[[ Provided material open ]]

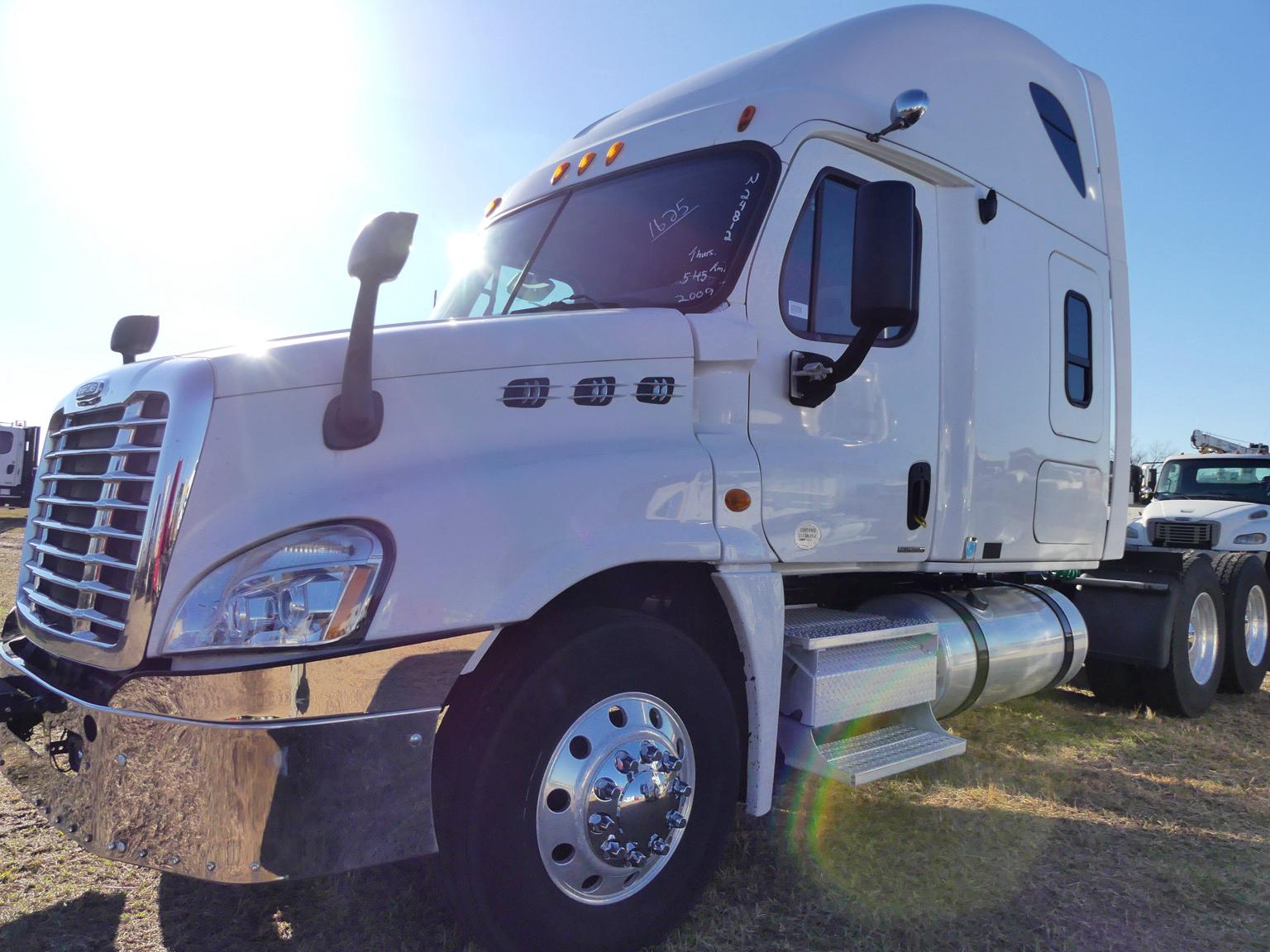 2009 Freightliner Cascadia 125 Truck Tractor, s/n 1FUJGLDR49LAA4212: T/A, D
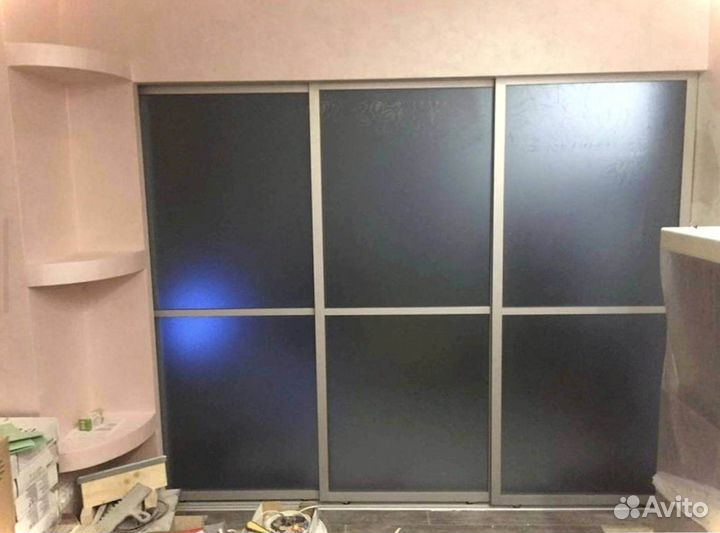 Раздвижная перегородка с матовым стеклом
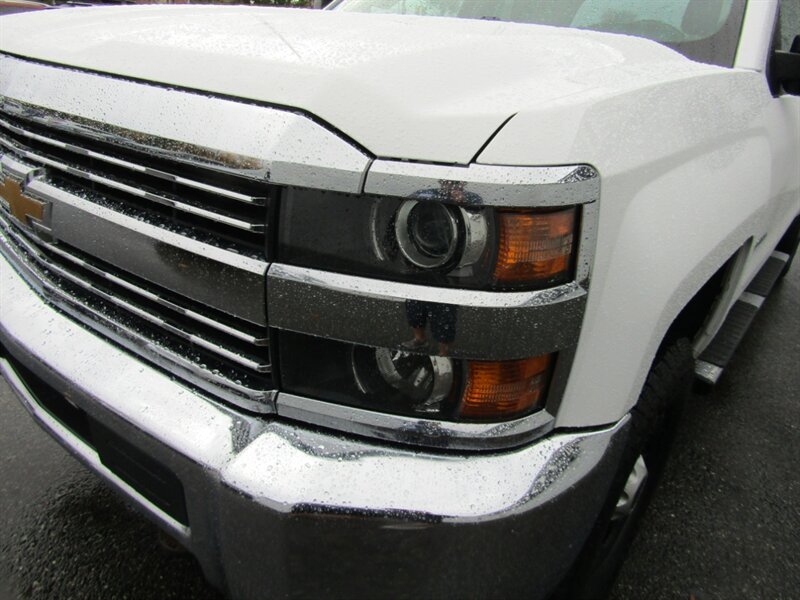 2017 Chevrolet Silverado 3500 4X4,HD,CONV PKG,,SILVER CERTIFIED - Photo 11 - Haddon Twp, NJ 08107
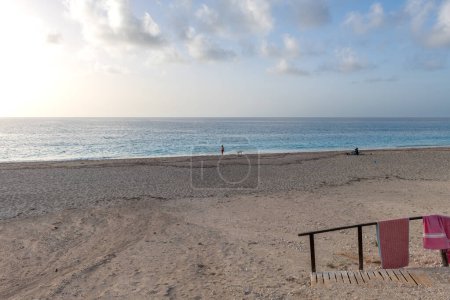 Foto de Isla Lefkada. Grecia: 10.23.2023. Turistas disfrutando del hermoso clima en la playa de Kathisma. - Imagen libre de derechos
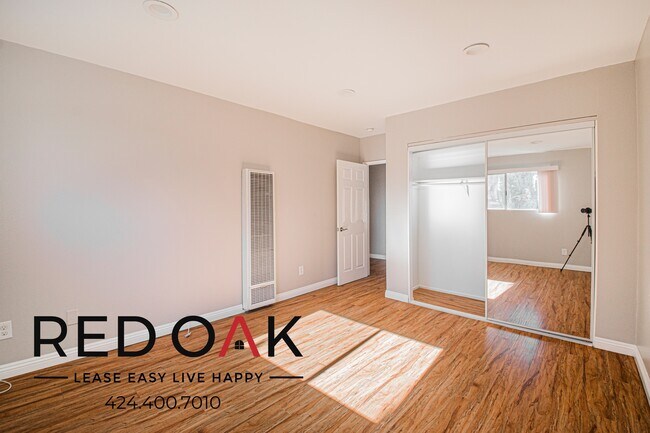 Building Photo - 6819 Laurel Canyon Blvd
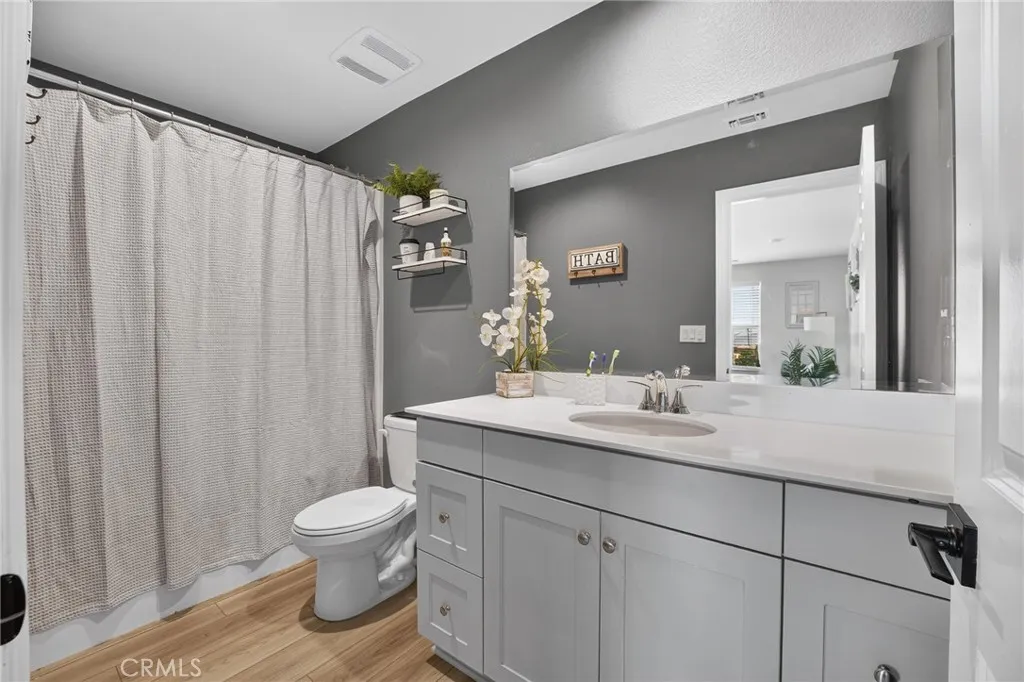 Upstairs Hall Bathroom Tub/Shower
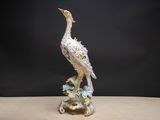 un oiseau perché sur une table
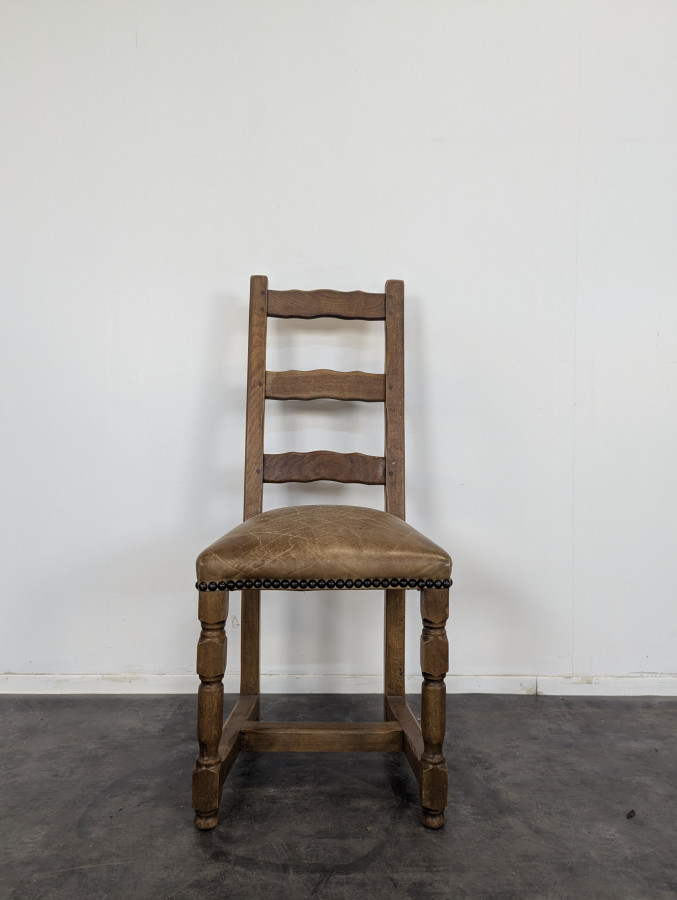 Série de 6 chaises rustiques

[[ Provided material closed ]]

◆ **Task to complete**
Every line between the one containing "Upstairs Hall Bathroom Tub/Shower" and the last line of the data above, both included, should be copied exactly, but not the pictures.

◆ **Output for this task**
 Upstairs Hall Bathroom Tub/Shower
 un oiseau perché sur une table
 Série de 6 chaises rustiques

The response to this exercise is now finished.